| EXERCISE OBJECTIVE |
All the lines below need to be output exactly, apart from any images.

| DATA SEGMENT |
- - -
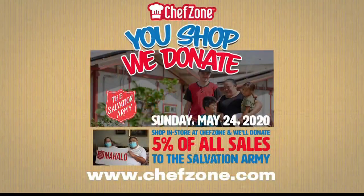Our friends at Chef Zone are having a special event this Sunday — it's their first ever Chef Zone Gives Back Day. Just go there this Sunday and you can shop for a good cause. It's a U-Shop, we donate opportunity with your family and friends where Chef Zone will donate 5% of all sales that day to the Salvation Army. They're open from 8 until 3, located at 2888 Uelena Street over by Nimitz — the big red building that says Chef Zone.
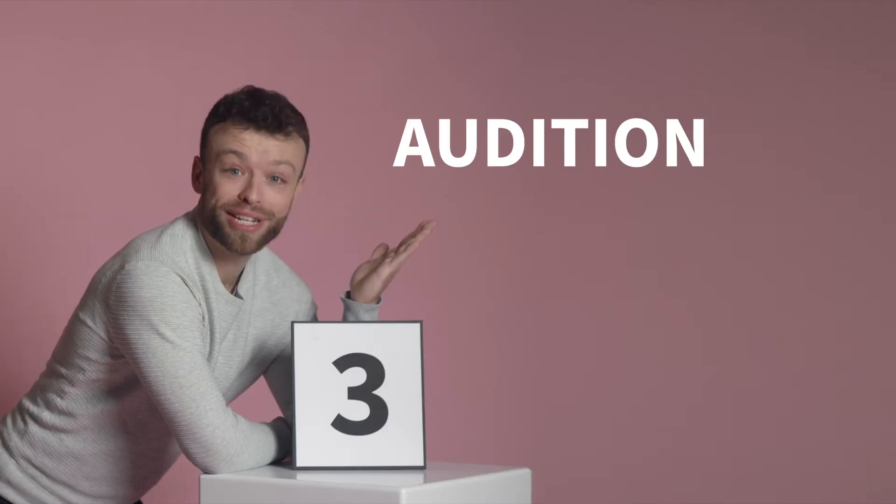Part 3: your audition. It's time to see you perform. You'll be asked to record an audition and upload it with the supplementary form submission. You can find a guide on the university's study website to help you prepare for your audition.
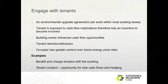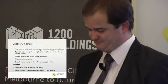Engaging with tenants — tenants hold the incentives associated with EUAs behind the headlines. An environmental upgrade agreement can work with most existing leases. The difference between one lease and a net lease is as diverse and varied as there are responses to energy efficiency opportunities, so we put a big caveat on top of that. Under most net leases, council rates and charges form part of the outgoings component and can be passed through by agreement to tenants.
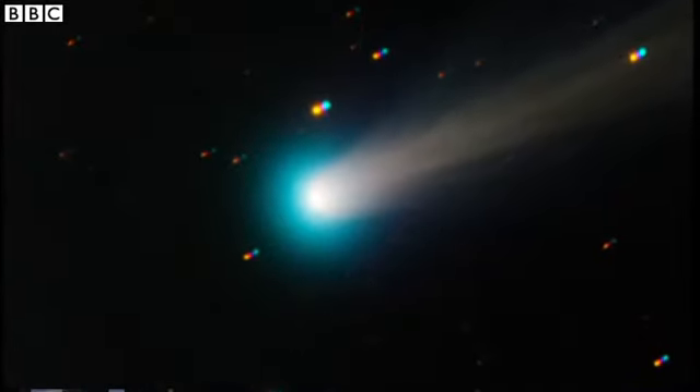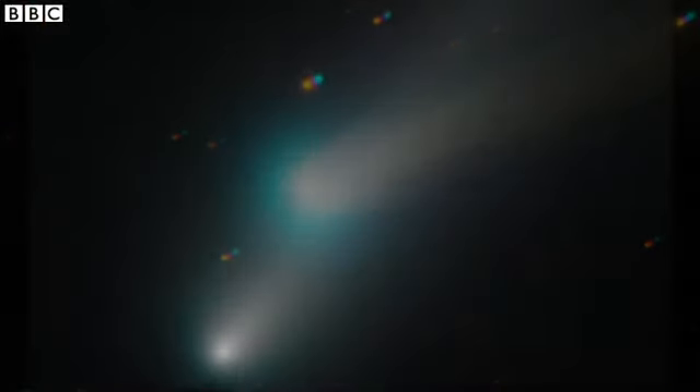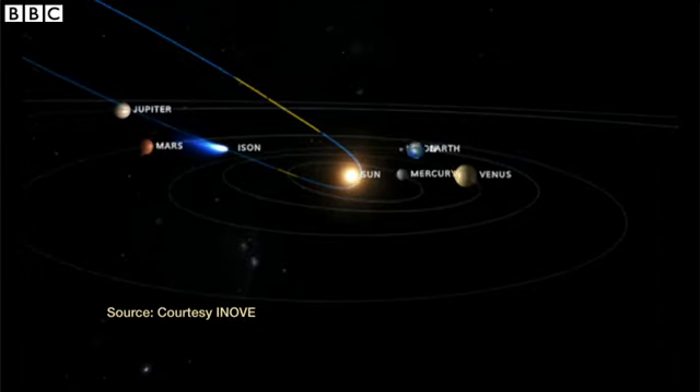We heard it was something like a snowball — throwing a snowball at the sun. Exactly, that kind of thing. It didn't have much of a chance of survival then. Well, it depends on how compact, how solid this snowball is.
- - -
| TASK OUTPUT |
Our friends at Chef Zone are having a special event this Sunday — it's their first ever Chef Zone Gives Back Day. Just go there this Sunday and you can shop for a good cause. It's a U-Shop, we donate opportunity with your family and friends where Chef Zone will donate 5% of all sales that day to the Salvation Army. They're open from 8 until 3, located at 2888 Uelena Street over by Nimitz — the big red building that says Chef Zone.
Part 3: your audition. It's time to see you perform. You'll be asked to record an audition and upload it with the supplementary form submission. You can find a guide on the university's study website to help you prepare for your audition.
Engaging with tenants — tenants hold the incentives associated with EUAs behind the headlines. An environmental upgrade agreement can work with most existing leases. The difference between one lease and a net lease is as diverse and varied as there are responses to energy efficiency opportunities, so we put a big caveat on top of that. Under most net leases, council rates and charges form part of the outgoings component and can be passed through by agreement to tenants.
We heard it was something like a snowball — throwing a snowball at the sun. Exactly, that kind of thing. It didn't have much of a chance of survival then. Well, it depends on how compact, how solid this snowball is.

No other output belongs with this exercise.